╭──

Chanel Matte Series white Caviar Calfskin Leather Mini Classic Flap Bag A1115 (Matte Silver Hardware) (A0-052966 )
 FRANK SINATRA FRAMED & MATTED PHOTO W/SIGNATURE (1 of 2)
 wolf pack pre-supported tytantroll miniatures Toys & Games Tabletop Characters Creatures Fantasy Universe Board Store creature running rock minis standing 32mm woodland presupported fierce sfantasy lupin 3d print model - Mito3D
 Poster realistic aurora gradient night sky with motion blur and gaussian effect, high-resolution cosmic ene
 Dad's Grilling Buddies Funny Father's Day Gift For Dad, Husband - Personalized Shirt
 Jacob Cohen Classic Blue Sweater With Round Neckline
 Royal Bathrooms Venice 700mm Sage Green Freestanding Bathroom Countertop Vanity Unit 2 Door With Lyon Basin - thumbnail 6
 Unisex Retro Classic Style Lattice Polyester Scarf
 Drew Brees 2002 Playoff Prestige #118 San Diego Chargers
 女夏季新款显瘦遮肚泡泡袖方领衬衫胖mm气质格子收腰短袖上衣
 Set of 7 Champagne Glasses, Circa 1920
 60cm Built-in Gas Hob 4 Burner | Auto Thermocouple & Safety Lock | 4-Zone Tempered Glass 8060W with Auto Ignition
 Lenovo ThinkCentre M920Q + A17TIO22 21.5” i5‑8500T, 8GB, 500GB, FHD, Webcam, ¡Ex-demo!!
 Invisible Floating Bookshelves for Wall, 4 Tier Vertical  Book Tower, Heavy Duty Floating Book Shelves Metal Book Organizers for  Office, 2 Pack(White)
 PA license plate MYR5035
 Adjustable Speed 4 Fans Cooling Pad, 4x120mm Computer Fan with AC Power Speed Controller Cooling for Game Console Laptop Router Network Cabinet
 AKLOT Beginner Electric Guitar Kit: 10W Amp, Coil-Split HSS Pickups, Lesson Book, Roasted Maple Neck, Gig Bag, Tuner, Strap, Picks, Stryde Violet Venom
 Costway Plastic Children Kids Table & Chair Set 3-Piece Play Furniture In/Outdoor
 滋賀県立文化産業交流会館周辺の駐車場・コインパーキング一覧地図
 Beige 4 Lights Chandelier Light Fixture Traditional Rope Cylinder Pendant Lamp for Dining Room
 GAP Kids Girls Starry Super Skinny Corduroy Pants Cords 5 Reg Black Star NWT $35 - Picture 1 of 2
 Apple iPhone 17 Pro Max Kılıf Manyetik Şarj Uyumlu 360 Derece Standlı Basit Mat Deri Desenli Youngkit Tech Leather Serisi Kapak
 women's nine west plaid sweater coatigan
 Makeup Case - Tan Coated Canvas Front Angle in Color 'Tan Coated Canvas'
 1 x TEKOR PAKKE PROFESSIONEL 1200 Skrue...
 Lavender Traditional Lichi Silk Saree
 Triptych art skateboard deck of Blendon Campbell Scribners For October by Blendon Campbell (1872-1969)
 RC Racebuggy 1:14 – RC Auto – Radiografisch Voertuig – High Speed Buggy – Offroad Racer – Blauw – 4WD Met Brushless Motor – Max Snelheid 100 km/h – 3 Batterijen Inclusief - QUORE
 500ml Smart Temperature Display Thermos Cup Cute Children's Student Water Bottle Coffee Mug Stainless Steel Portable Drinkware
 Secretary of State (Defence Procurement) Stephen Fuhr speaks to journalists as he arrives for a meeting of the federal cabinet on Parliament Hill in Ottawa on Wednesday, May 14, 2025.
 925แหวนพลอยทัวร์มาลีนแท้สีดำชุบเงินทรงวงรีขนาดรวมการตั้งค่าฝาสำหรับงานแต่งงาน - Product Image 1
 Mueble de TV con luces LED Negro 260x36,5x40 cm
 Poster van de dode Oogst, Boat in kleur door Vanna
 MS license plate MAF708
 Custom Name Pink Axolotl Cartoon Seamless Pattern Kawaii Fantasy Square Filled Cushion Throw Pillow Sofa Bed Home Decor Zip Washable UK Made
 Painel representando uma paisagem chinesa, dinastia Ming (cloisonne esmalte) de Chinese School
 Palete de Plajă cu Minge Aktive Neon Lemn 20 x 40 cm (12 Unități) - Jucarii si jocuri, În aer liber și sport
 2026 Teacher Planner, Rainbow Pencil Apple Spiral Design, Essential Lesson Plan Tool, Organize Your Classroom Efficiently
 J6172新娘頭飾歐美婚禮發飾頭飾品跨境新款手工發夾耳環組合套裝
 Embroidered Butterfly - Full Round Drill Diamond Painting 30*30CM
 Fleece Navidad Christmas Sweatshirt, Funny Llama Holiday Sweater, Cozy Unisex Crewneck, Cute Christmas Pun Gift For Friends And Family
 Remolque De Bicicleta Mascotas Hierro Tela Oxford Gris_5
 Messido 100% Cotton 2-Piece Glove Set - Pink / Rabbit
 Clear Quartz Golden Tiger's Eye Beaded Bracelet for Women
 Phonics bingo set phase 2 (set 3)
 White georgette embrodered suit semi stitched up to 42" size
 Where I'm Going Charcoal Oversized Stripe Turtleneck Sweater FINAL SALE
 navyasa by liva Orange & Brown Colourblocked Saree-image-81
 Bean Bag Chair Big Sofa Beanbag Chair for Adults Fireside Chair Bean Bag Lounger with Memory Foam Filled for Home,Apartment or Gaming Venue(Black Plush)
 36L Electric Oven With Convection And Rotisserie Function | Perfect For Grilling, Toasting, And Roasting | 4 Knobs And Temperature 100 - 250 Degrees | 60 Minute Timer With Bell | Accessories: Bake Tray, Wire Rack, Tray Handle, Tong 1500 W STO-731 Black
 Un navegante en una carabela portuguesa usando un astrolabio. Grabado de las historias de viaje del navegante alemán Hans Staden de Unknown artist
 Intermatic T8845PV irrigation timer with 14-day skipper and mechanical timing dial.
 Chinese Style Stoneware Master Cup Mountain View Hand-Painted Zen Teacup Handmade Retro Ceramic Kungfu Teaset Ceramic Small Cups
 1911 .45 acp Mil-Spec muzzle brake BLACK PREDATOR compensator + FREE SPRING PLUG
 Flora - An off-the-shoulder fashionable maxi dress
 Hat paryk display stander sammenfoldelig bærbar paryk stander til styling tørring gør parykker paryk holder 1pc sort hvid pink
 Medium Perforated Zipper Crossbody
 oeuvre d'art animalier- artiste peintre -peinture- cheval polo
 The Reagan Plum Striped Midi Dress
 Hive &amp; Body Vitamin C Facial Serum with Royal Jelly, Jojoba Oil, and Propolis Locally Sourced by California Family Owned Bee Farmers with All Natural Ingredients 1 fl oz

╰──

Show all lines from the records above where the word "Funny" occurs.

 Dad's Grilling Buddies Funny Father's Day Gift For Dad, Husband - Personalized Shirt
 Fleece Navidad Christmas Sweatshirt, Funny Llama Holiday Sweater, Cozy Unisex Crewneck, Cute Christmas Pun Gift For Friends And Family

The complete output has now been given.